* _Source material_:
=== Begin Enclosure ===
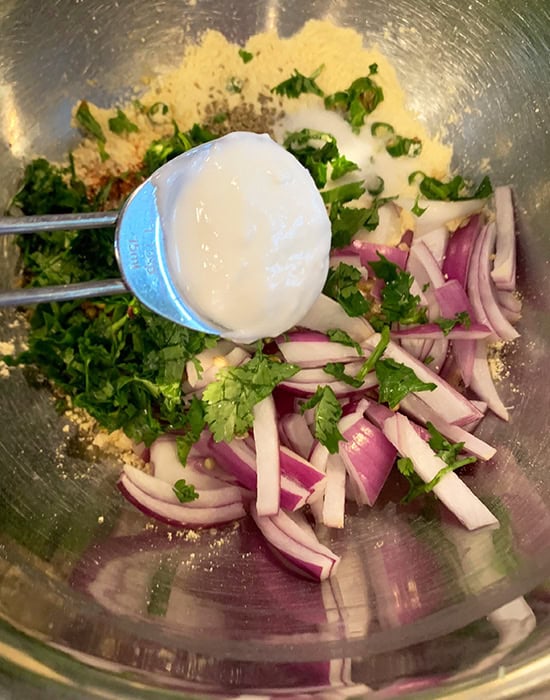 adding yogurt to sliced onion, chilies for making pakoras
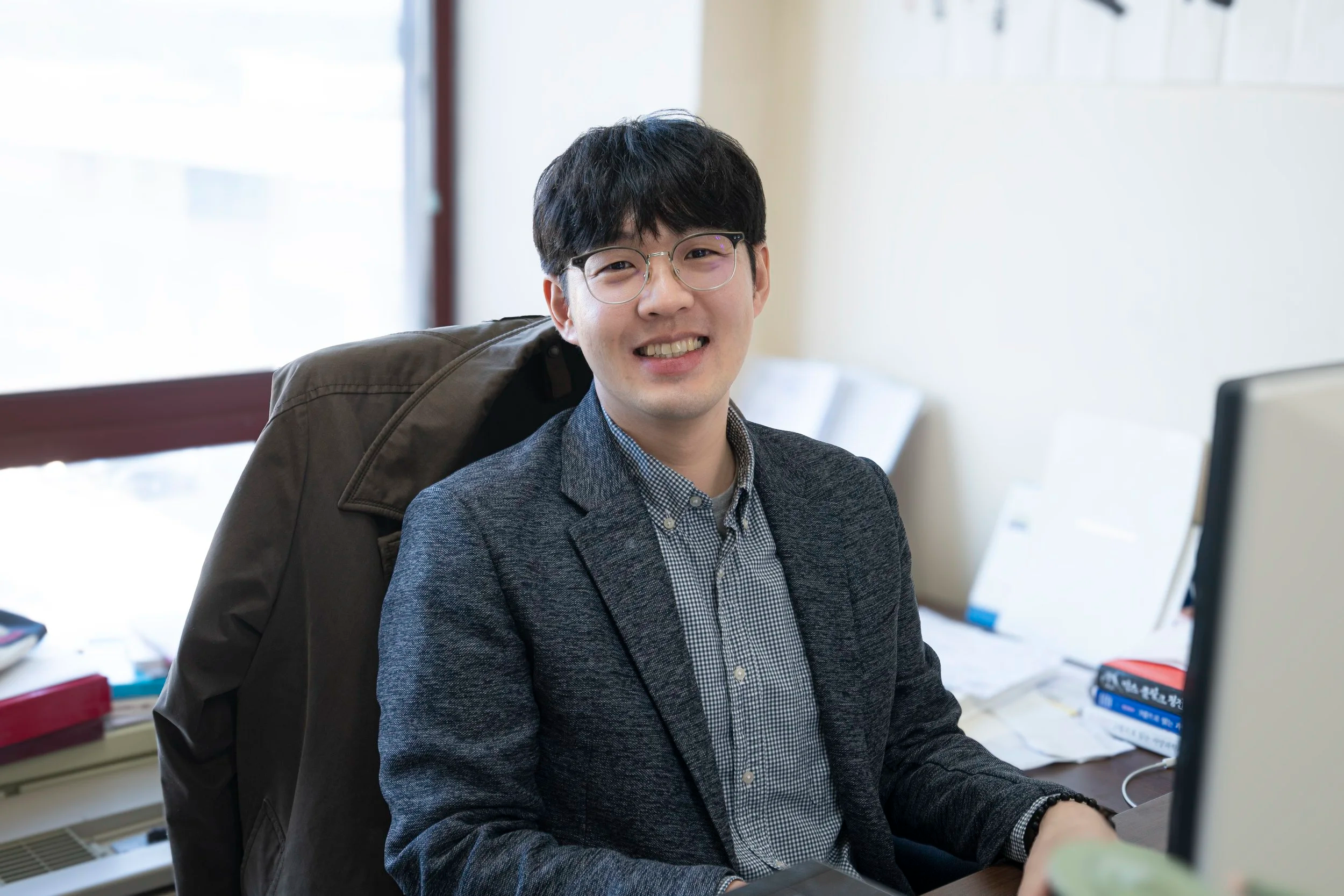 Jongsik Christian Yi speaking at an event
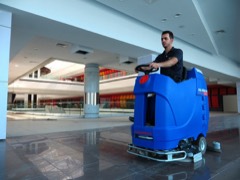 Ride-On Scrubber Dryer: Operator-seated floor cleaning and drying machine with rotating brush or pad scrub deck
=== End Enclosure ===
* _Task requirements_:
Could you restate the material word for word, skipping any pictures it holds?

* _Solved exercise_:
 adding yogurt to sliced onion, chilies for making pakoras
 Jongsik Christian Yi speaking at an event
 Ride-On Scrubber Dryer: Operator-seated floor cleaning and drying machine with rotating brush or pad scrub deck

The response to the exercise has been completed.